Claire Macdonald suggests ringing the changes as the pheasant season comes to an end, by making a marinade using Seville orange juice, nutmeg, cinnamon, honey, soy sauce and red wine. Marinade pheasant breasts for at least twenty-four hours. Pat the meat dry, fry the breasts until cooked through. Remove from heat and add marinade to pan and reduce.

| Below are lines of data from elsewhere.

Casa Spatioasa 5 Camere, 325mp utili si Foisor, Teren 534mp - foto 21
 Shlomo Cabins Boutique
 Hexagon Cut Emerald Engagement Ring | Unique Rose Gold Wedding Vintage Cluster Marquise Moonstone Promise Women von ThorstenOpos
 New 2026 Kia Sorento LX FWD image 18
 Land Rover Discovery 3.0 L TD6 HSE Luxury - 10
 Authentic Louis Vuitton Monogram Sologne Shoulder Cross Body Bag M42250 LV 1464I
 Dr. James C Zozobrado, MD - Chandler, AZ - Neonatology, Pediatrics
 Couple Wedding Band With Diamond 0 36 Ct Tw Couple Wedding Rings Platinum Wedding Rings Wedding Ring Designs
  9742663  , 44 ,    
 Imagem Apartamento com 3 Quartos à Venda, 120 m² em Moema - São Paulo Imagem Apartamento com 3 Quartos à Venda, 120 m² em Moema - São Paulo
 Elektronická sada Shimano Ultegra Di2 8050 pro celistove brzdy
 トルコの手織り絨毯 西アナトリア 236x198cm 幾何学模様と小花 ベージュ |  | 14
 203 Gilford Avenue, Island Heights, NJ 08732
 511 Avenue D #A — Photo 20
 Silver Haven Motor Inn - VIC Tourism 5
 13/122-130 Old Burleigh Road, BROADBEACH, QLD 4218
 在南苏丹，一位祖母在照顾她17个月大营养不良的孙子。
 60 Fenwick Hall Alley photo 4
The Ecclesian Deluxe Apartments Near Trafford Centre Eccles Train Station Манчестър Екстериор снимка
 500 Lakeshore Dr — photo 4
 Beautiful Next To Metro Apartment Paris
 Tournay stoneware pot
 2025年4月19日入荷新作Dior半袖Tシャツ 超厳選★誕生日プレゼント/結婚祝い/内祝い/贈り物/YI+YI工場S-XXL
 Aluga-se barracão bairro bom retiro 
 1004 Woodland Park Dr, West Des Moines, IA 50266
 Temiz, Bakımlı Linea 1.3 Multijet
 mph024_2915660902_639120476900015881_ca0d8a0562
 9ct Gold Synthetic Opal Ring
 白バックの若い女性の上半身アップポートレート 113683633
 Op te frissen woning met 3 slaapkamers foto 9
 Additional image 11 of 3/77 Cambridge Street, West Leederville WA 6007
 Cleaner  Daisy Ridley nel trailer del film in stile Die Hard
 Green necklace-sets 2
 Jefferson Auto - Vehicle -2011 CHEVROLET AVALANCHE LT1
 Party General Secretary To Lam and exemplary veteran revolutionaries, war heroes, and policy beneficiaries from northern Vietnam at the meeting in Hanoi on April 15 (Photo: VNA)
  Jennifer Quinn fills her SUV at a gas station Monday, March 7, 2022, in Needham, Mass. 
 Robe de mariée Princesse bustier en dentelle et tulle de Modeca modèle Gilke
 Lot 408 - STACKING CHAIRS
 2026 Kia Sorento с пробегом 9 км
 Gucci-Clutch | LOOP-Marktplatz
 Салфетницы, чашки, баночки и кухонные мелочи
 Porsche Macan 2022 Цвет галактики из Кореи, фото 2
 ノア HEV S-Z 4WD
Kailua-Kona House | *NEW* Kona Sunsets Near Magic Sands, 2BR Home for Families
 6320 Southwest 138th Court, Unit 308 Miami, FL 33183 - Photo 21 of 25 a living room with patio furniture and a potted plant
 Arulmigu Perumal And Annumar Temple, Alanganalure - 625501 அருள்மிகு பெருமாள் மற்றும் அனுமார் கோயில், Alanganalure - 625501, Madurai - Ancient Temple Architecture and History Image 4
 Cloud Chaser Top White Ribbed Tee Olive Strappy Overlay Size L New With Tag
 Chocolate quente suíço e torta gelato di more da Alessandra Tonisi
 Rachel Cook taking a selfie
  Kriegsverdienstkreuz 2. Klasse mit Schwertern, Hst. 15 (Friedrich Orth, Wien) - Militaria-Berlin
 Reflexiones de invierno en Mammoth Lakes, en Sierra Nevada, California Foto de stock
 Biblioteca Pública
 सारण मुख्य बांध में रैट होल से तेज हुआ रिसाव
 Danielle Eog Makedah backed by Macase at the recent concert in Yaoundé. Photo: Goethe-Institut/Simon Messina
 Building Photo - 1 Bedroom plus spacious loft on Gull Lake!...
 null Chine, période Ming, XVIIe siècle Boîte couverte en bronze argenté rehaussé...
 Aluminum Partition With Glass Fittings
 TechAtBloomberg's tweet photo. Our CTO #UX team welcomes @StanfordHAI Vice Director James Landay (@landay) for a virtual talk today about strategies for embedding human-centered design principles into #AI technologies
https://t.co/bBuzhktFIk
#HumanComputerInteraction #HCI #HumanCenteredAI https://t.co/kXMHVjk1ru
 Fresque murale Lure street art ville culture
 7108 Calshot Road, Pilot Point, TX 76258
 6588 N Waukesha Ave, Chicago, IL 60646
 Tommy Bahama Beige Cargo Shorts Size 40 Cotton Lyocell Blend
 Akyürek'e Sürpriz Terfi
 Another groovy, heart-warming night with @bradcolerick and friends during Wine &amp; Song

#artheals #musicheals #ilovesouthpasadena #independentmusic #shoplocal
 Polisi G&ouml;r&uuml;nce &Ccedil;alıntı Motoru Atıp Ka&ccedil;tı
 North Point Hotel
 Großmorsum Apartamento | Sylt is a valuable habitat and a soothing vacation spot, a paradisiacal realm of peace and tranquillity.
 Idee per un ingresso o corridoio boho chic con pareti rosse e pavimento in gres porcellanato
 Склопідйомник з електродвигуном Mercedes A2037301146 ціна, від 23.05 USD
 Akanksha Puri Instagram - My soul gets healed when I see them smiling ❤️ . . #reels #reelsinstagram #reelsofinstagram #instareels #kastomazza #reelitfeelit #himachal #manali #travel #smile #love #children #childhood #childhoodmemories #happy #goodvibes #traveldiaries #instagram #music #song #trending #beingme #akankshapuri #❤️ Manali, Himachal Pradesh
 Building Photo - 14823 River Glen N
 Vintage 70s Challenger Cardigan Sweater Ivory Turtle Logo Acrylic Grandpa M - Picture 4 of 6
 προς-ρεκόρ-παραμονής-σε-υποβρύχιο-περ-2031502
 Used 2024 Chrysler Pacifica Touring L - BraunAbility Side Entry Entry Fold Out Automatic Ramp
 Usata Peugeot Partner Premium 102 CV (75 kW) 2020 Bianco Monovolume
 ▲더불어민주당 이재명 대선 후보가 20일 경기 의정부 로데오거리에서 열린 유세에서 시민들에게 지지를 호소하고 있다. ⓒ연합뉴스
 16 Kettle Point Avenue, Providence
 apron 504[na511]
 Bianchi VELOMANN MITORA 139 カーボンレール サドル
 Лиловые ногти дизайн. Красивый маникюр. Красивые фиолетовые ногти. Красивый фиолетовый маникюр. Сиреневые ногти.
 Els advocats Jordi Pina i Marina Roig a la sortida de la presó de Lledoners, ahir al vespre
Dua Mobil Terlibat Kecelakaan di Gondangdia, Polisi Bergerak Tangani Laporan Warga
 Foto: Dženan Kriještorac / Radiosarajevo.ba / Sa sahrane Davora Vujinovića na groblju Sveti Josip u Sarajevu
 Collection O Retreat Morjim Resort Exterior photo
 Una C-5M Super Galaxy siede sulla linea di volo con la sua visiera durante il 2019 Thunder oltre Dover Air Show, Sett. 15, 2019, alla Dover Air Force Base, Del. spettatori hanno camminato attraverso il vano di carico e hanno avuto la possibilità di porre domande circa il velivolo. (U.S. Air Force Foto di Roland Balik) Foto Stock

The bulk of the crop is exported to Britain for marmalade. Marmalade's origin is purportedly Scotland. Scottish recipes of the mid 18th Century show that marmalade recipes gave a runnier consistency, more akin to what we make today. (Before that, the conserves were stiff and cut with a knife.) As jam production became more commercial, the manufacturers realised that marmalade could be made in the winter months, keeping the factories busy all year round, at not too greater a cost. Marmalade has always been considered a luxury. The rise of the Empire saw marmalade reaching corners of the Earth that their makers could hardly have dreamt of.

What to buy

Choose heavy fruit and avoid soft patches on the skin. You can freeze them to bring them out at a later date. Either freeze whole or just the juice and zest. This is really worth doing as you can then make Nigella Lawson's fantastically easy bitter orange ice cream.

What to do

Try out the two recipes below but don't serve them at the same meal, you might feel a bit over oranged.

Seared Scallops with Seville oranges and sherry
Serves 2

6 scallops
Juice and zest or 2 Seville oranges
1 tbs Manzanilla sherry
Olive oil

1. Prepare scallops by cutting out the white muscle and rinse. Separate roe from each scallop.
2. Heat some olive oil in a frying pan and fry the scallops over a medium to high heat for two minutes on each side. They may take a little longer.
3. Remove scallops from pan and keep warm.
4. Add the juice, zest and a tablespoon of sherry and reduce until caramelised. Season with salt and pepper.
5. Place scallops on a bed of salad leaves, lamb's lettuce is good, and pour over the syrup. Serve immediately.

Marmalade bread and butter pudding
Serves four

½ pint milk
2 eggs
4 slices of white bread, brioche or better still pannetone
Unsalted butter for spreading
Caster sugar
Marmalade, thick cut

1. Lightly toast the slices of bread or brioche and spread with butter and marmalade.
2. Whisk eggs into milk.
3. Layer the buttered toast and sprinkle each layer with caster sugar. You could also add some zest.
4. Once you have used up all the bread, pour over the egg and milk mixture.
5. Allow the pudding to stand for ½ hour or so.
6. Put into a preheated oven on GM4, 350°F, 160° Elec Circo, 180°C, for 40 minutes or until the custard is set.

You can, of course, substitute cream for the milk to make an altogether richer pudding.